> WHAT TO PRODUCE
Set down the final stretch of the data, from the line that holds "欧阳娜娜戚薇综艺发型,欧阳娜娜清纯可爱" through the last line, both included, with pictures left out.

> EXERCISE DATA
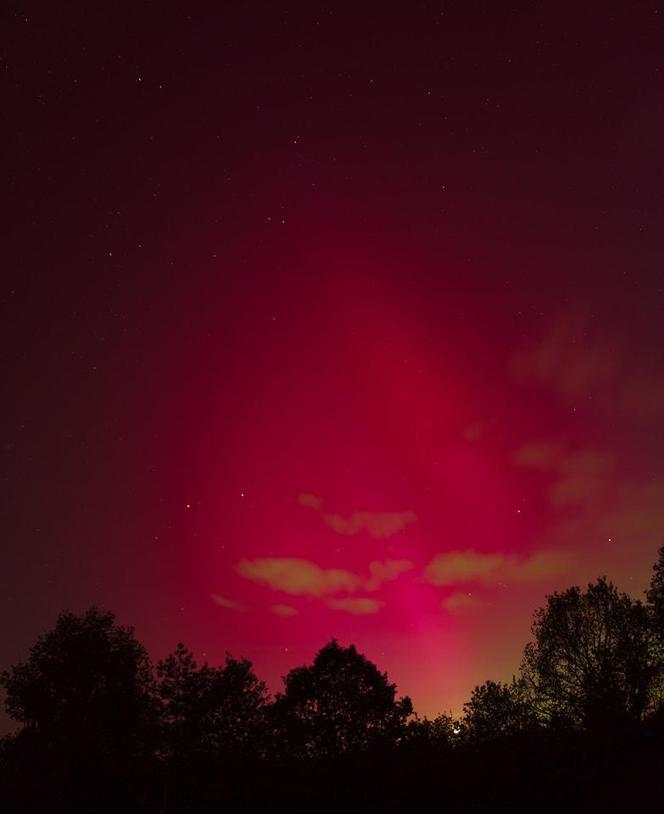 Niesamowity spektakl na niebie. Zorza Polarna Świętokrzyskie 10.05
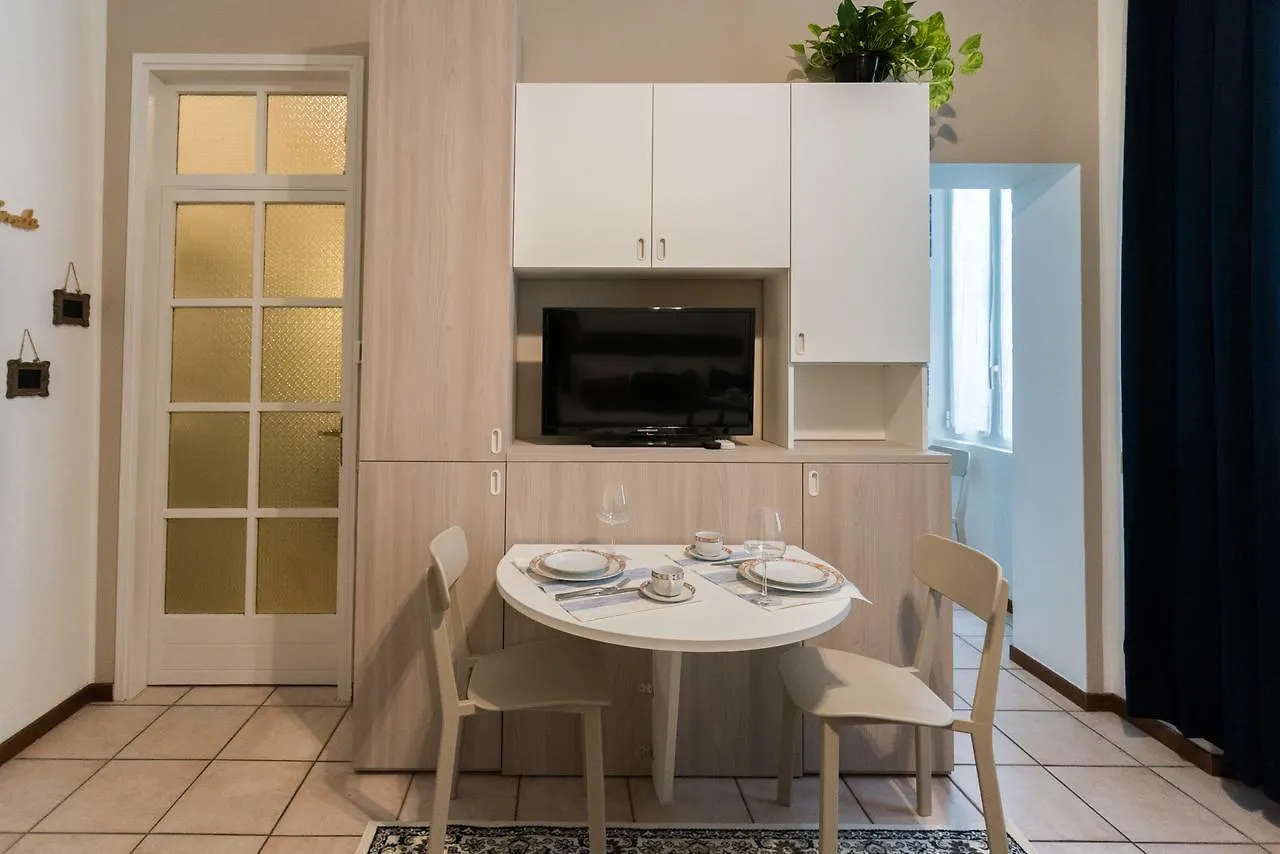 Love & Smile Apartment By Rent All Como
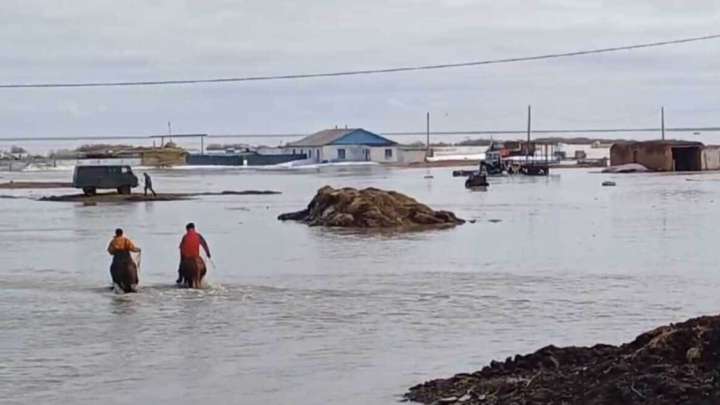Су тасқыны: Үкімет Арқалықта баспанасынан айырылғандар үшін 405 млн теңге бөлді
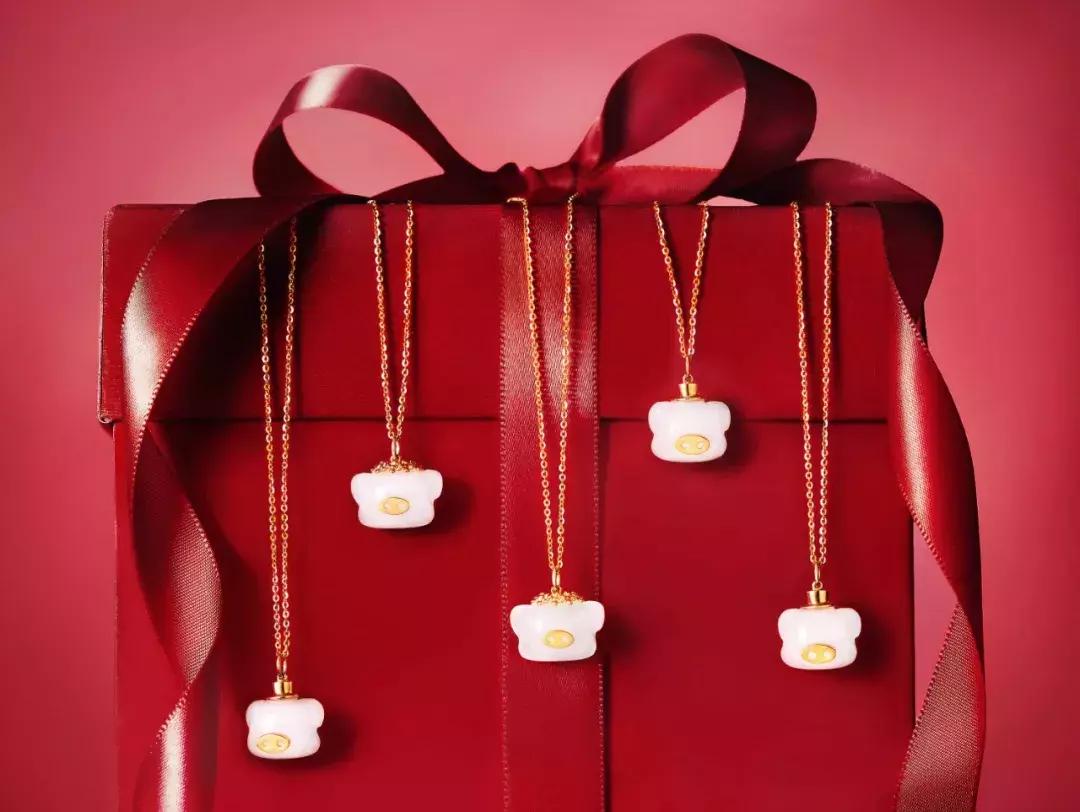 欧阳娜娜戚薇综艺发型,欧阳娜娜清纯可爱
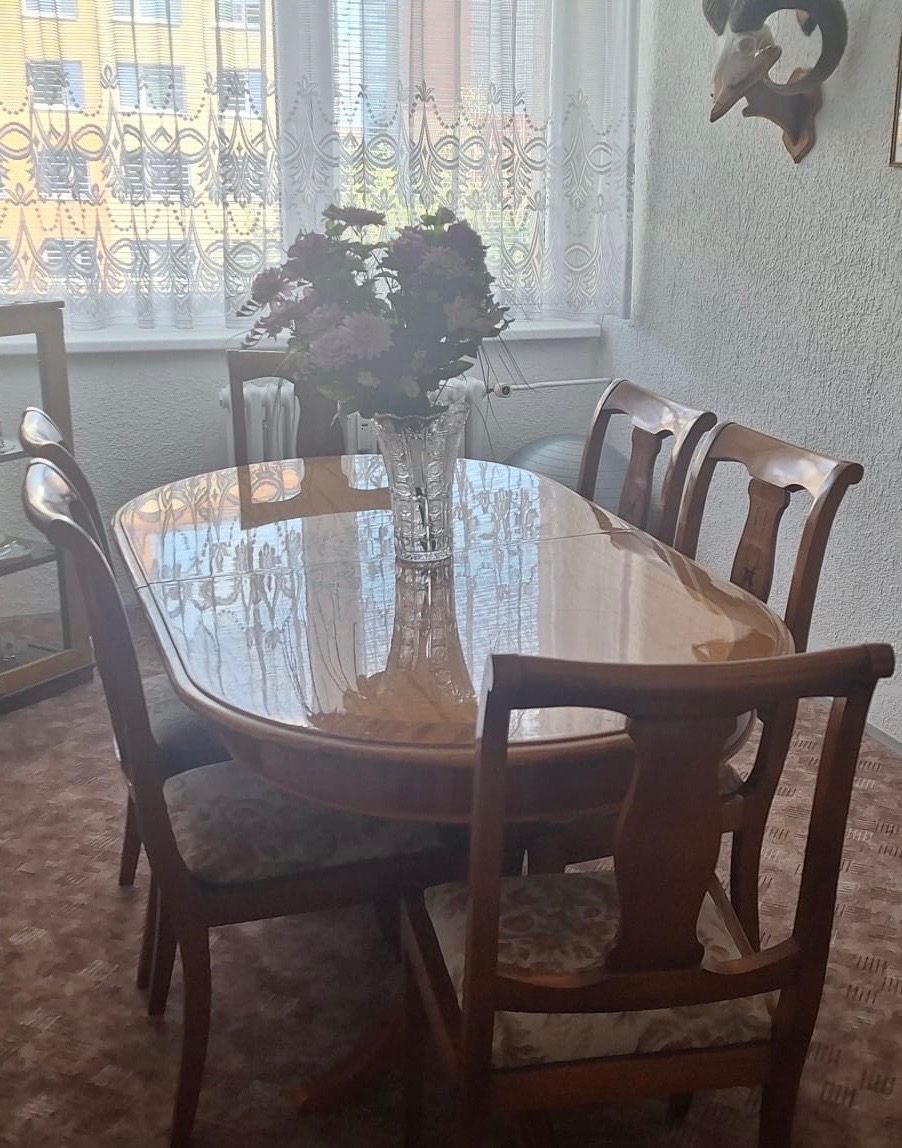 Jídelní stůl se židlemi - 3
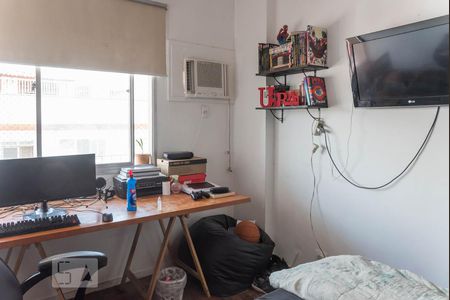 Apartamento à venda com 120m², 4 quartos e 1 vagaQuarto 2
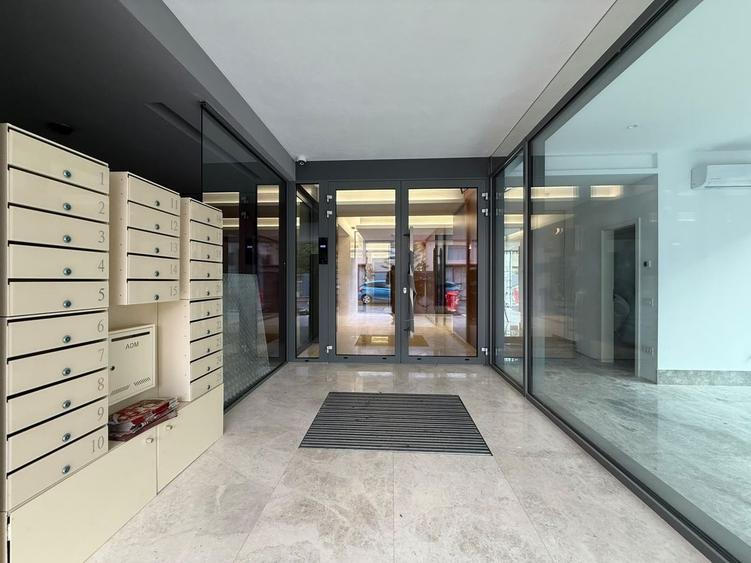 Apartament cu 4 camere decomandat în Timpuri Noi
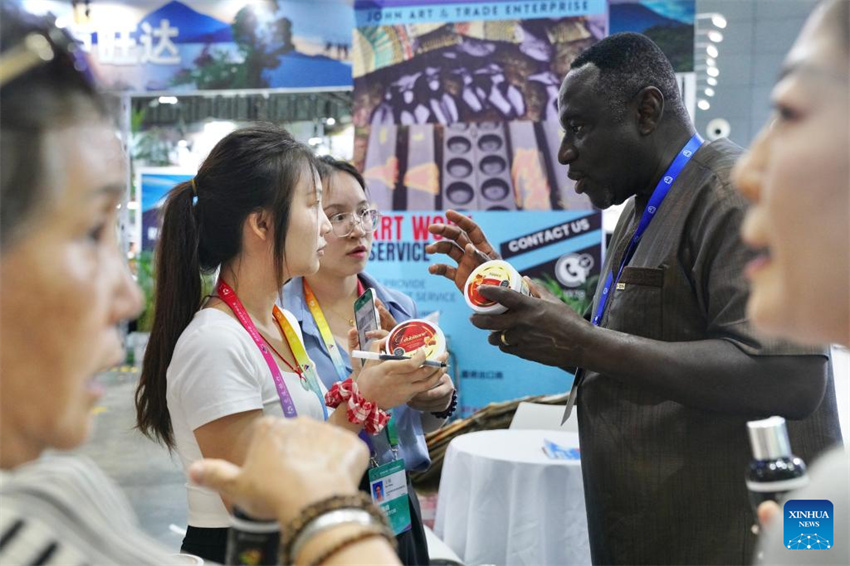 Começa exposição China-África com foco nas relações econômicas e novos acordos
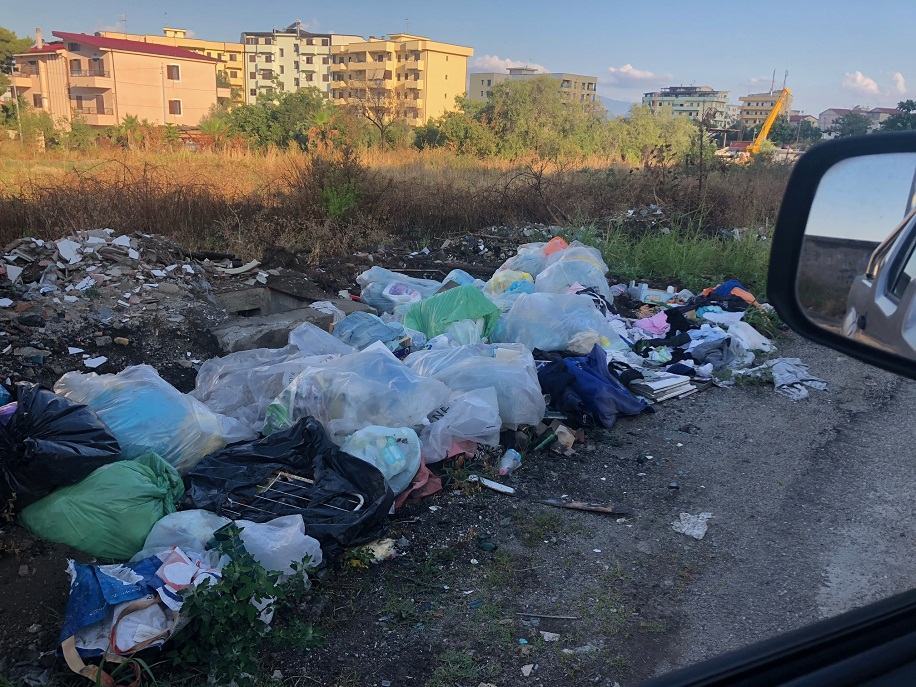 Reggio, emergenza rifiuti. Sbloccati i conferimenti già da stanotte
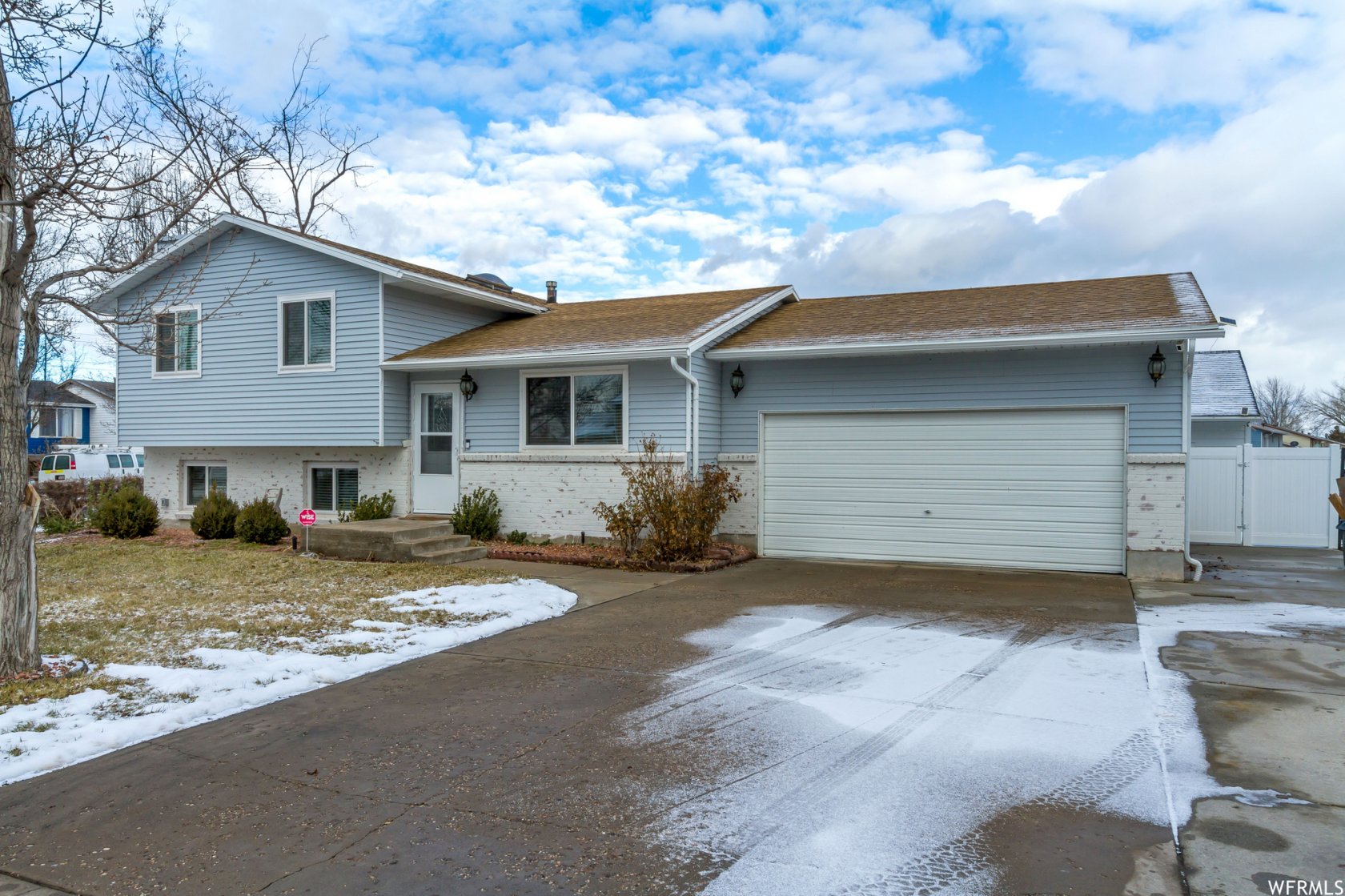 916 W. 2025 S.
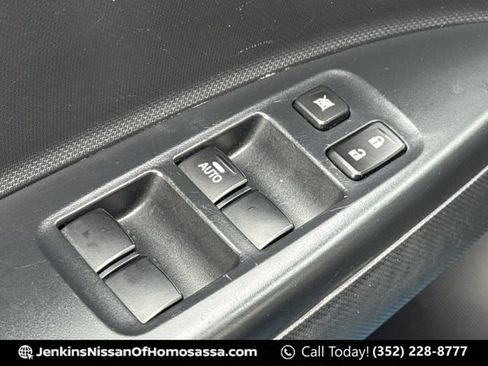 Used 2024 Mitsubishi Mirage ES FWD image 30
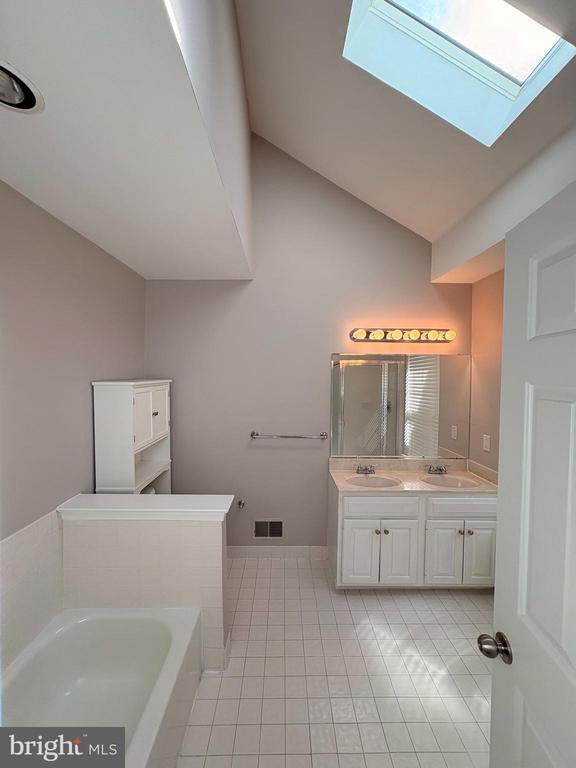 Photo - 905 Kennedy Ct
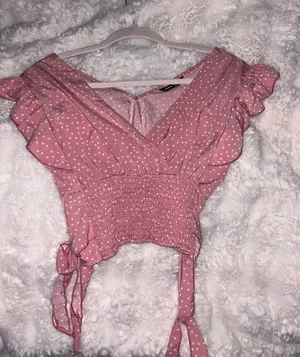 SheIn NWOT Dusty Pink Ruffled Polka Dot Top thumbnail 1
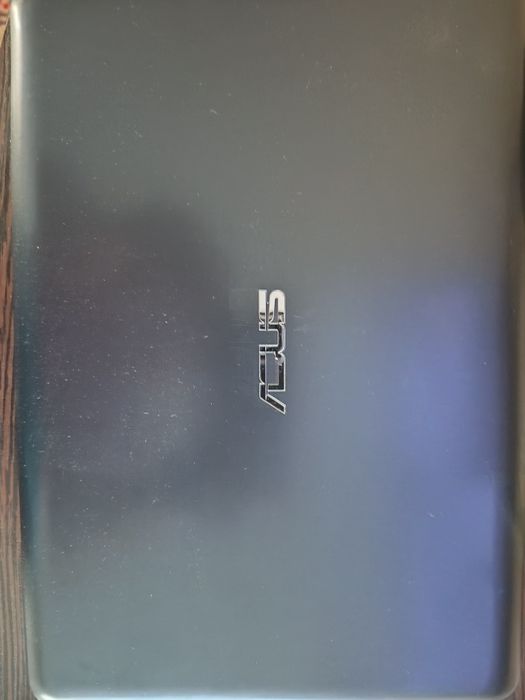 Asus Vivobook 14"  б/в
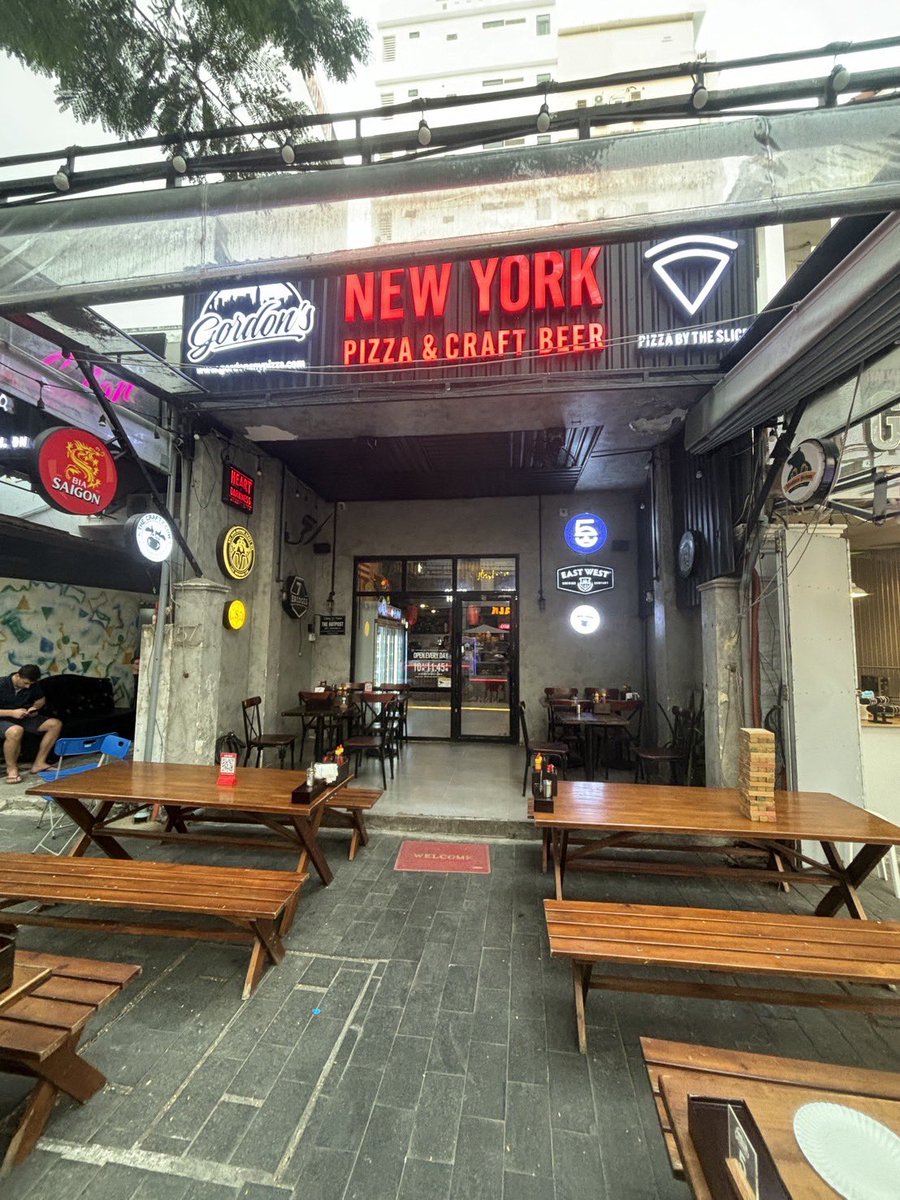 ap_walk's tweet photo. New York Pizza 🍔🍕
📍Danang Vietnam 🇻🇳 
#Food #Foodie #danang #Vietnam #Travel https://t.co/zpLY7a6Xcu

> RESULT OF THE TASK
 欧阳娜娜戚薇综艺发型,欧阳娜娜清纯可爱
 Jídelní stůl se židlemi - 3
 Apartamento à venda com 120m², 4 quartos e 1 vagaQuarto 2
 Apartament cu 4 camere decomandat în Timpuri Noi
 Começa exposição China-África com foco nas relações econômicas e novos acordos
 Reggio, emergenza rifiuti. Sbloccati i conferimenti già da stanotte
 916 W. 2025 S.
 Used 2024 Mitsubishi Mirage ES FWD image 30
 Photo - 905 Kennedy Ct
 SheIn NWOT Dusty Pink Ruffled Polka Dot Top thumbnail 1
 Asus Vivobook 14"  б/в
 ap_walk's tweet photo. New York Pizza 🍔🍕
📍Danang Vietnam 🇻🇳 
#Food #Foodie #danang #Vietnam #Travel https://t.co/zpLY7a6Xcu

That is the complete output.